WHAT NEEDS TO BE DONE:
From the line with "envelope with postage" to the line with "Фільтр салону Chery", output every line below exactly, both ends included. Skip the pictures.

EXERCISE DATA:
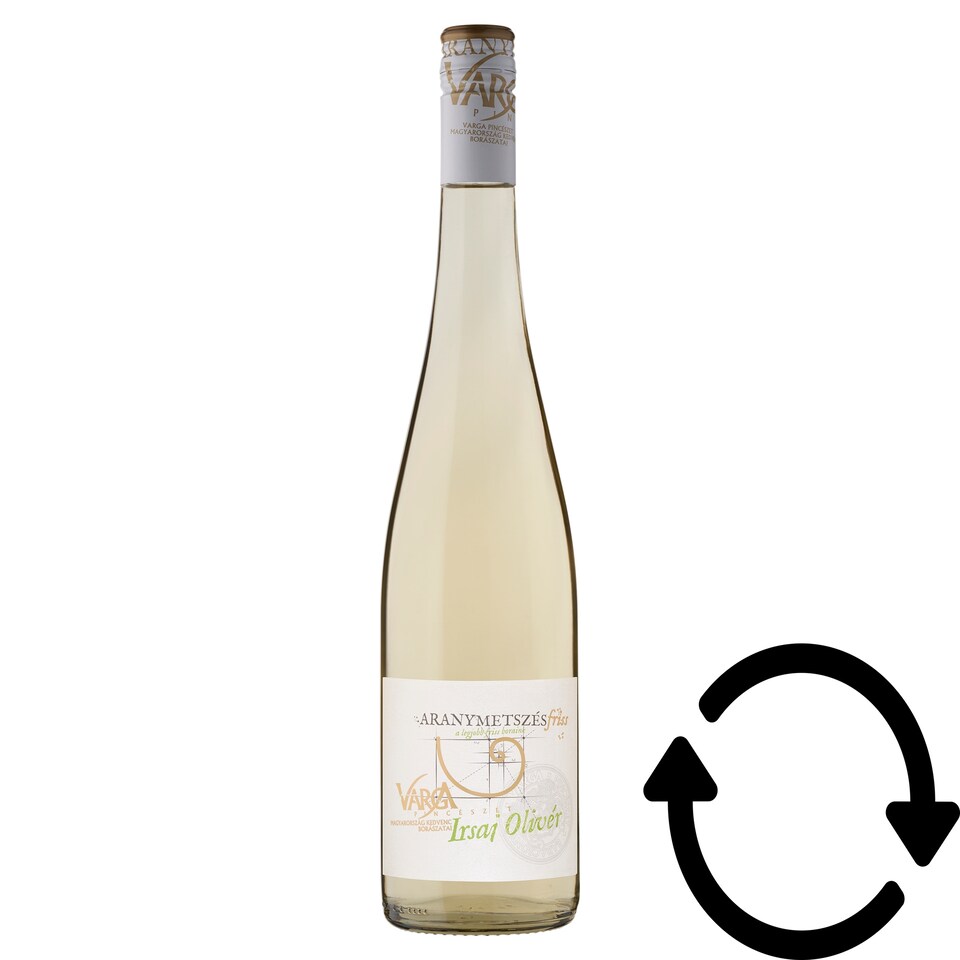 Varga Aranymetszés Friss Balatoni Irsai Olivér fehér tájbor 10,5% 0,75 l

...

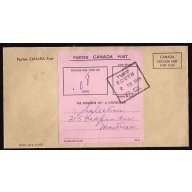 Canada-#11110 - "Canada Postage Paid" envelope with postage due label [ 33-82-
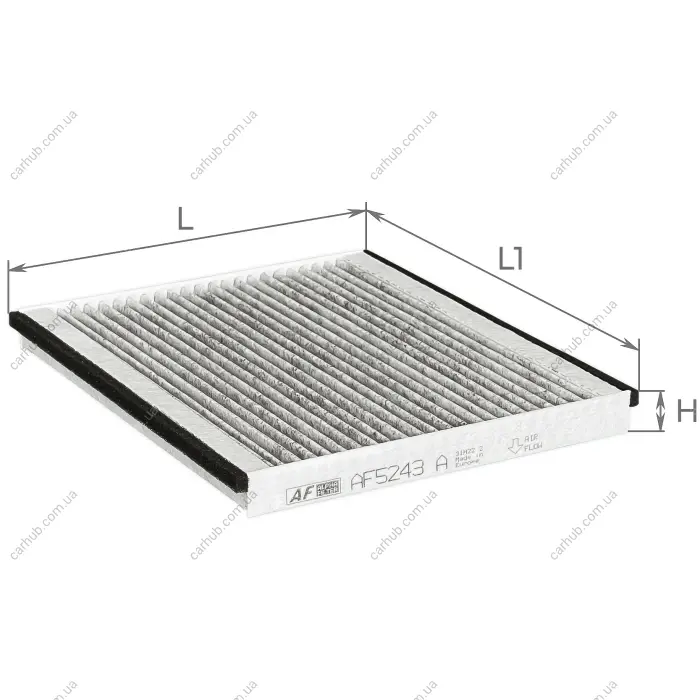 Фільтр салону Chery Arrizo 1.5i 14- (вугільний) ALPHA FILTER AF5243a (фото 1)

EXERCISE ANSWER:
 Canada-#11110 - "Canada Postage Paid" envelope with postage due label [ 33-82-
 Фільтр салону Chery Arrizo 1.5i 14- (вугільний) ALPHA FILTER AF5243a (фото 1)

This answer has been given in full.